---------- DATA SHOWN

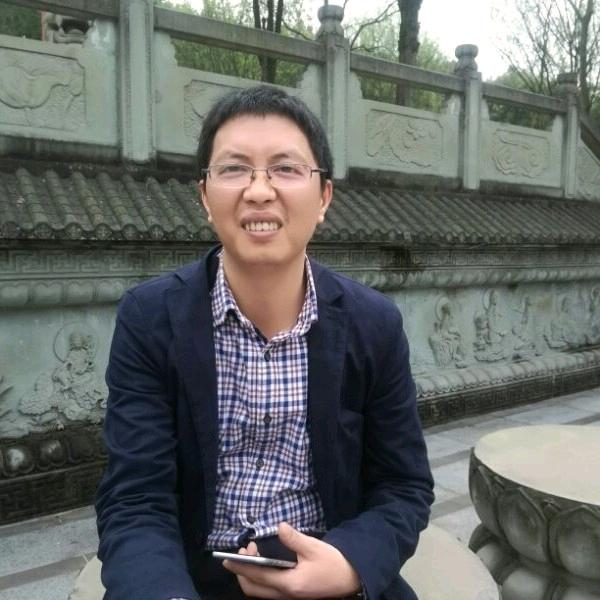 会一点物理的王老师
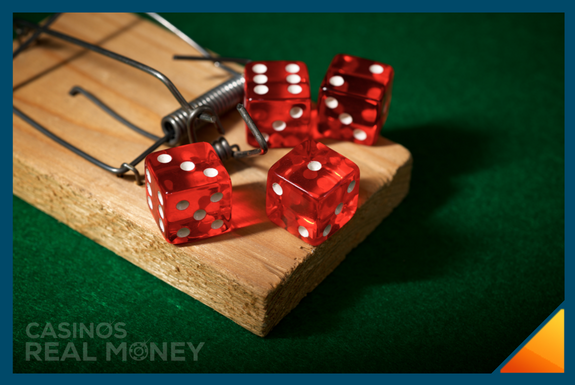 The process of lifting a self ban image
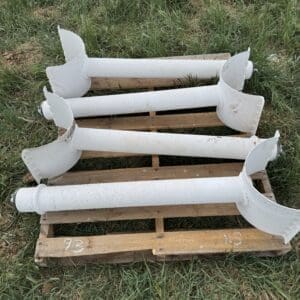 IMG_5782 - Montana Auctions by Kevin Hill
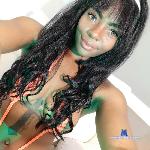 cocochannel6 stripchat livecam show performer room profile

--------------------

#### REQUIREMENT:
The data should be printed again unchanged; leave its pictures out.

#### RESPONSE:
 会一点物理的王老师
 The process of lifting a self ban image
 IMG_5782 - Montana Auctions by Kevin Hill
 cocochannel6 stripchat livecam show performer room profile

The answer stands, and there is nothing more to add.